** What is expected **
Begin your copy at the line with "Bukti Kemenangan Rp" in the records below and end it at the line with "Witte Rose Floral", restating each line word for word; omit the pictures.

** Data to process **
# # # # #

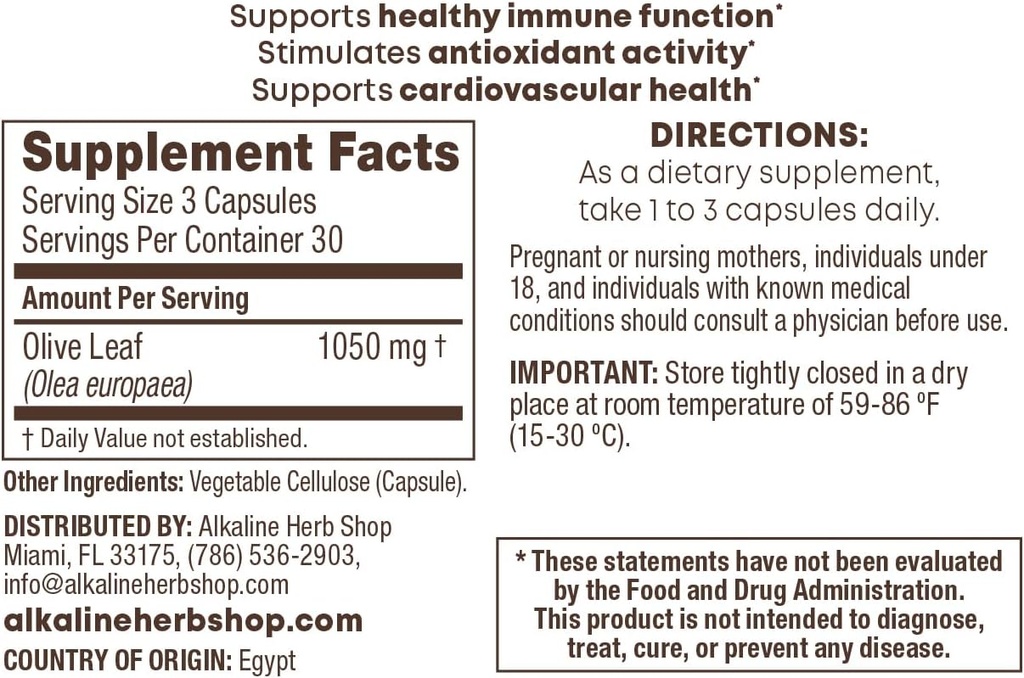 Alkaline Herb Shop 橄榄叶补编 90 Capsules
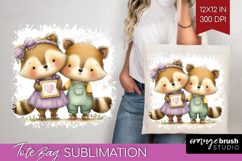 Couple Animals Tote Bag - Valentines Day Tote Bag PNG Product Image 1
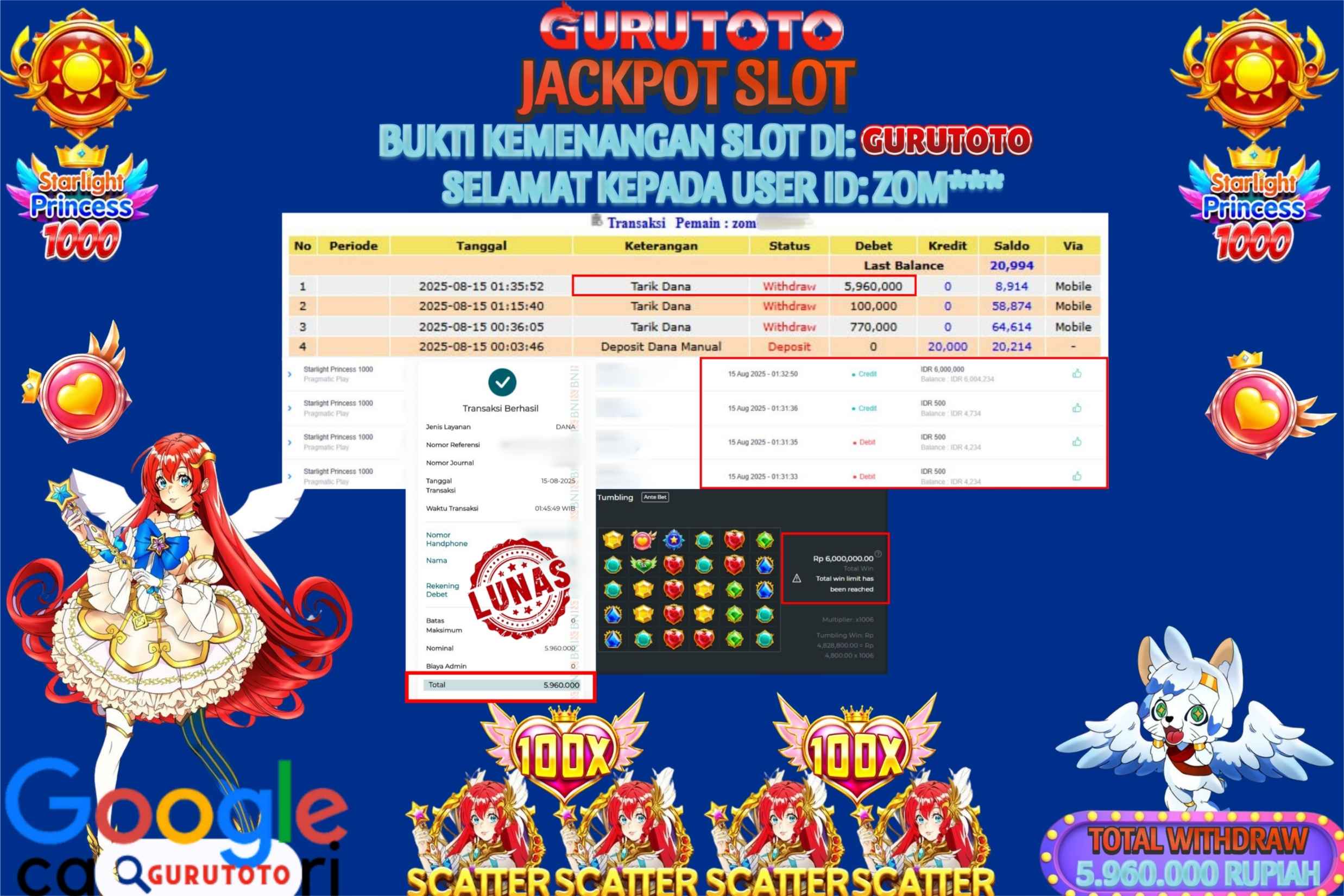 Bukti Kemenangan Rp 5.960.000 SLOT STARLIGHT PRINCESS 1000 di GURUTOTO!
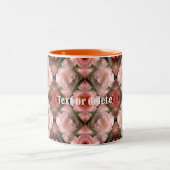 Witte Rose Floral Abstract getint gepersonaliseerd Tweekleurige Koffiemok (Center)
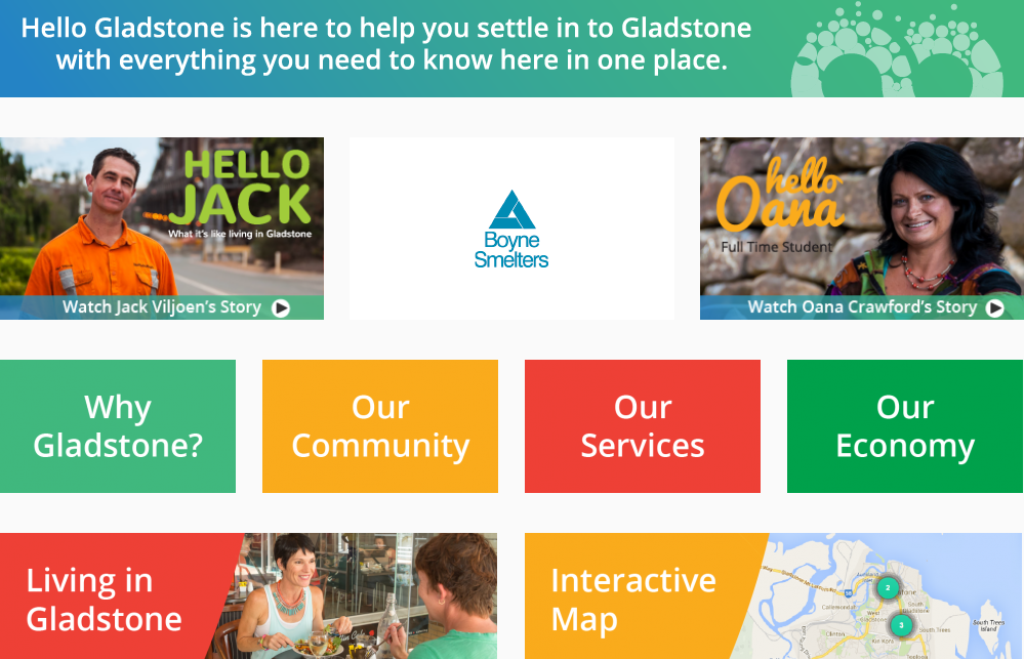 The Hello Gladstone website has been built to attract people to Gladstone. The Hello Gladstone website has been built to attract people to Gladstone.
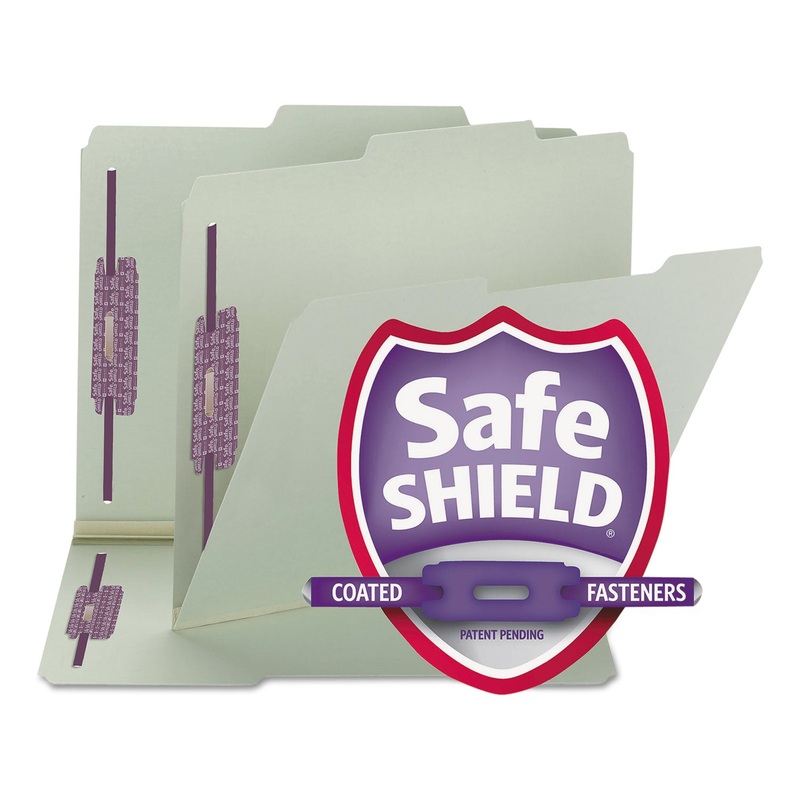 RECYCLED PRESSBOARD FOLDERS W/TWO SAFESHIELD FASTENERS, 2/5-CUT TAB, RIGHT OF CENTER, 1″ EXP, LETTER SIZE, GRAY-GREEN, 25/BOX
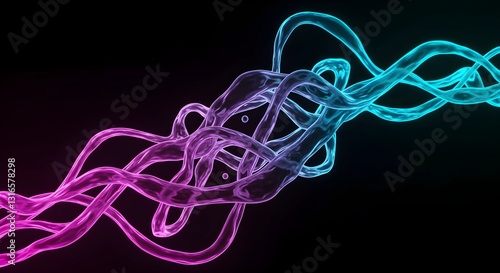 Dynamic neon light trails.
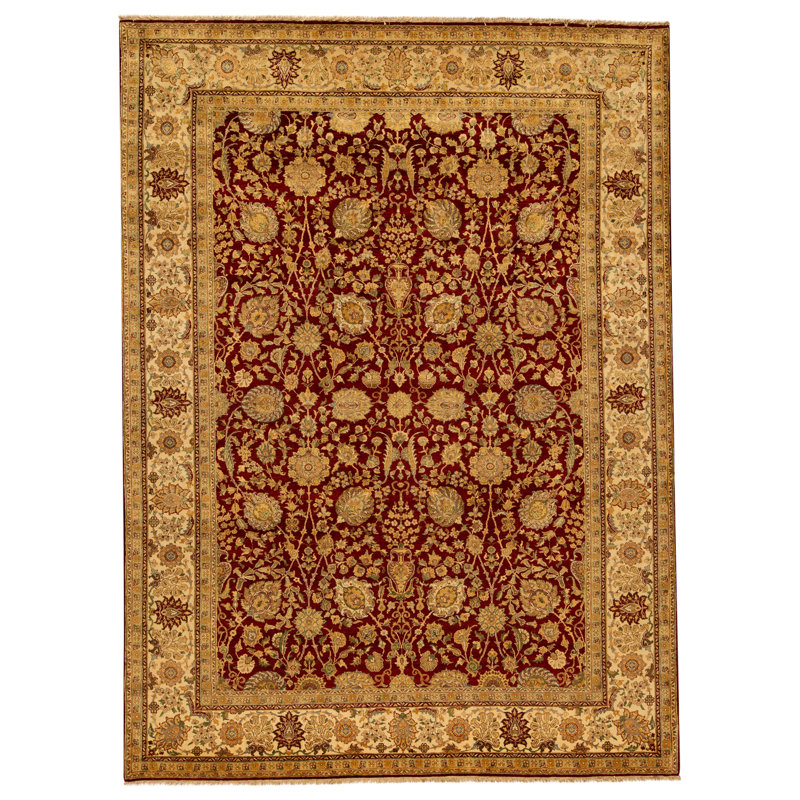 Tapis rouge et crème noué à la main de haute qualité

# # # # #

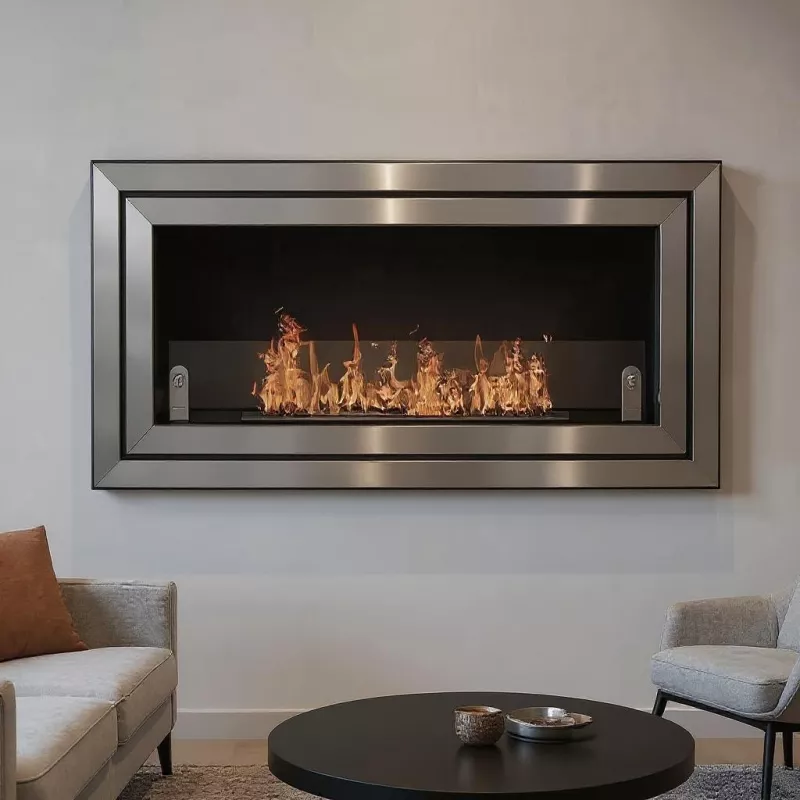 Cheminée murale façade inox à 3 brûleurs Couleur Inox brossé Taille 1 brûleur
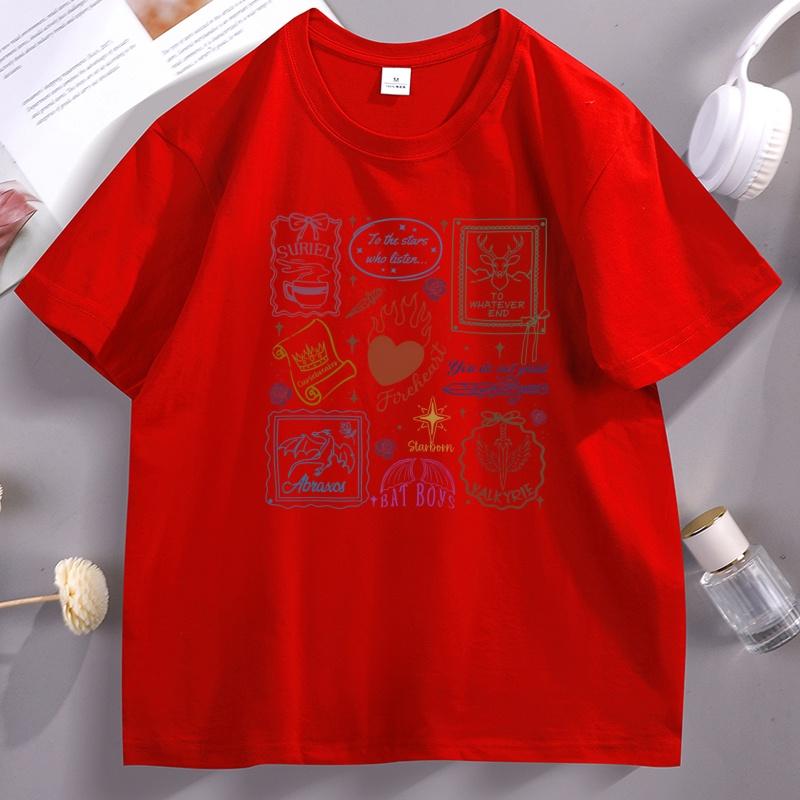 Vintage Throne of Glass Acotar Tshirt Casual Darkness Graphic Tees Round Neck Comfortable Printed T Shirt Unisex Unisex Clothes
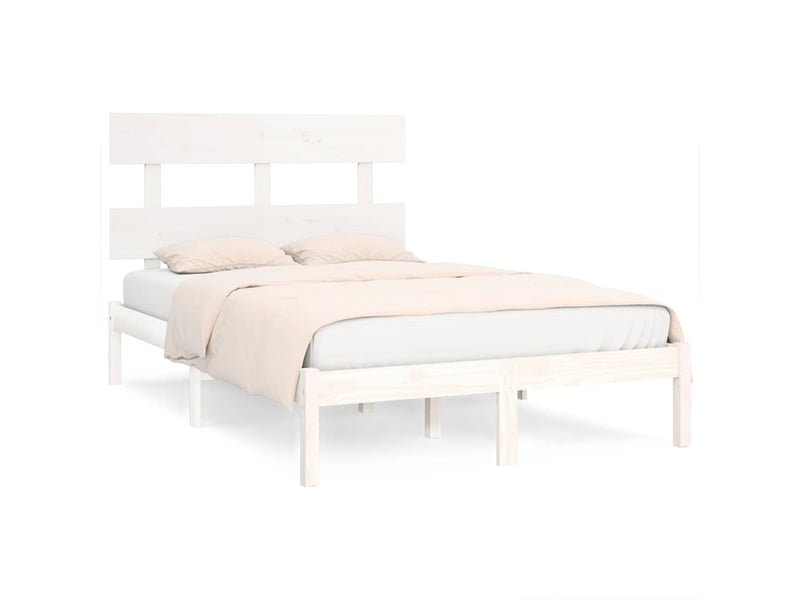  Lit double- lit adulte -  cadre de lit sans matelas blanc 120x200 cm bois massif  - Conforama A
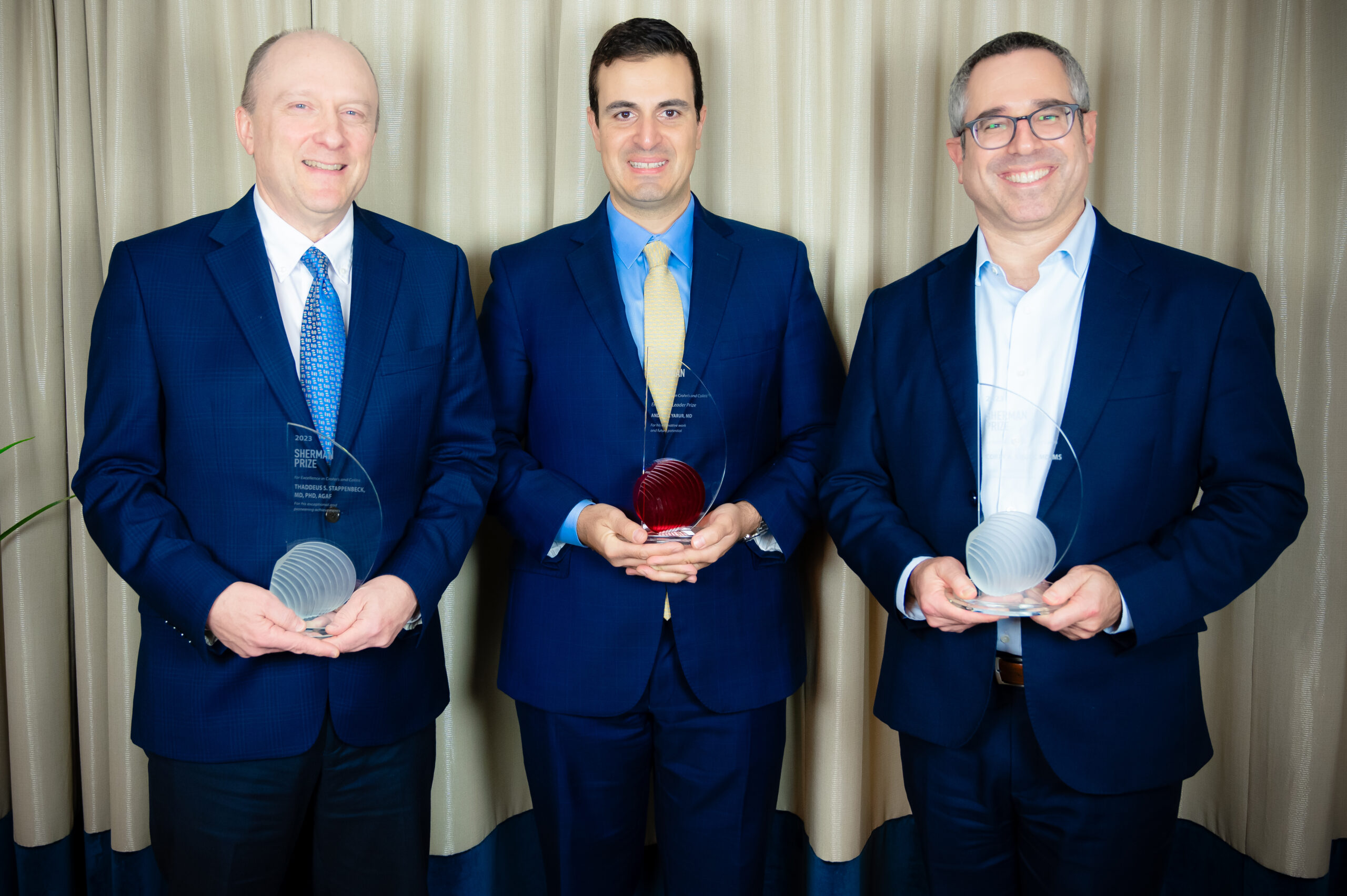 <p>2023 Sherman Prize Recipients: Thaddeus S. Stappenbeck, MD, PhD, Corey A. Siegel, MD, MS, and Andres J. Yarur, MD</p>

# # # # #

** Solution to this task **
 Bukti Kemenangan Rp 5.960.000 SLOT STARLIGHT PRINCESS 1000 di GURUTOTO!
 Witte Rose Floral Abstract getint gepersonaliseerd Tweekleurige Koffiemok (Center)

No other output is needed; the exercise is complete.